Bug ID: JDK-8237727 Mac: after we handle a crash, Apple's crash reporter is left with incorrect state

JDK-8237727 : Mac: after we handle a crash, Apple's crash reporter is left with incorrect state

Type: Enhancement
Component: hotspot
Sub-Component: runtime
Affected Version: 15

Priority: P4
Status: Closed
Resolution: Won't Fix
OS: os_x

Submitted: 2020-01-22
Updated: 2023-01-04
Resolved: 2023-01-04

Related Reports

Blocks :	JDK-8250637 - UseOSErrorReporting times out (on Mac and Linux)
Blocks :	JDK-8245833 - crash_with_sigfpe uses pthread_kill(SIGFPE) on macOS
Relates :	JDK-8237777 - "Dumping core ..." is shown despite claiming that "# No core dump will be written."
Relates :	JDK-8245833 - crash_with_sigfpe uses pthread_kill(SIGFPE) on macOS
Relates :	JDK-8274102 - Update VM crash reporting on macOS
Relates :	JDK-8250782 - UseOSErrorReporting causes stack space exception (Win)
Relates :	JDK-8220786 - Create new switch to redirect error reporting output to stdout or stderr
Relates :	JDK-8250637 - UseOSErrorReporting times out (on Mac and Linux)

Description

It would be nice if after a crash, a user could use both our own hs_err_pid log and Apple's crash reporter log.
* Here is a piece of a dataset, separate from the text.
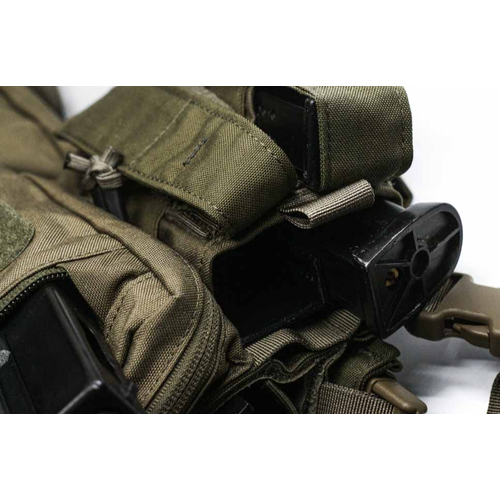 Project Airsoft Universal Magazine Adaptor for M4 Magazine Pouch Project Airsoft Universal Magazine Adaptor for M4 Magazine Pouch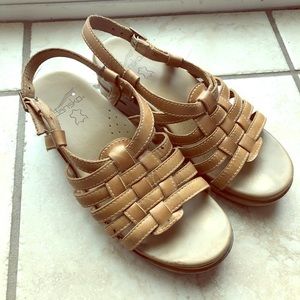 Dansko strappy sandals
As it is, Apple crash report logs incorrect state of our own process handler, not the original crash:

Our hs_err_pid reports correctly:

V  [libjvm.dylib+0xc39db1]  VMError::controlled_crash(int)+0x3cf
V  [libjvm.dylib+0x6038fc]  JNI_CreateJavaVM+0x568
C  [libjli.dylib+0x3fc7]  JavaMain+0x10b
C  [libjli.dylib+0x6b5d]  ThreadJavaMain+0x9
C  [libsystem_pthread.dylib+0x5e65]  _pthread_start+0x94
C  [libsystem_pthread.dylib+0x183b]  thread_start+0xf

But Apple's crash reporter logs incorrectly:

Thread 2 Crashed:
0   libsystem_kernel.dylib        	0x00007fff70d067fa __pthread_kill + 10
1   libsystem_pthread.dylib       	0x00007fff70dc3bc1 pthread_kill + 432
2   libsystem_c.dylib             	0x00007fff70c8da1c abort + 120
3   libjvm.dylib                  	0x0000000109ad5737 os::abort(bool, void*, void const*) (.cold.1) + 125
4   libjvm.dylib                  	0x000000010975b611 os::abort(bool, void*, void const*) + 33 (os_bsd.cpp:1070)
5   libjvm.dylib                  	0x0000000109a3b0cd VMError::report_and_die(int, char const*, char const*, __va_list_tag*, Thread*, unsigned char*, void*, void*, char const*, int, unsigned long) + 3057 (vmError.cpp:1624)
6   libjvm.dylib                  	0x0000000109a3a4b8 VMError::report_and_die(Thread*, unsigned int, unsigned char*, void*, void*, char const*, ...) + 148 (vmError.cpp:1291)
7   libjvm.dylib                  	0x0000000109a3b1a1 VMError::report_and_die(Thread*, unsigned int, unsigned char*, void*, void*) + 33 (vmError.cpp:1298)
8   libjvm.dylib                  	0x000000010975fda1 JVM_handle_bsd_signal + 787 (os_bsd_x86.cpp:791)
9   libjvm.dylib                  	0x000000010975d0cc signalHandler(int, __siginfo*, void*) + 89 (os_bsd.cpp:2631)
10  libsystem_platform.dylib      	0x00007fff70db842d _sigtramp + 29
11  ???                           	0x0000000000000080 0 + 128
12  libjvm.dylib                  	0x00000001094038fc JNI_CreateJavaVM + 1384 (jni.cpp:3935)
13  libjli.dylib                  	0x0000000107cabfc7 JavaMain + 267 (java.c:417)
14  libjli.dylib                  	0x0000000107caeb5d ThreadJavaMain + 9 (java_md_macosx.m:716)
15  libsystem_pthread.dylib       	0x00007fff70dc3e65 _pthread_start + 148
16  libsystem_pthread.dylib       	0x00007fff70dbf83b thread_start + 15

I.e. it reports our signal handler, which is a pity because otherwise it provides a wide range of info, which our own handler doesn't, such as back trace of all native threads (and line numbers to files instead of offsets, and list of binary images sorted by their addresses, and user friendly OS X version), which is super useful for tracking multithreaded issues.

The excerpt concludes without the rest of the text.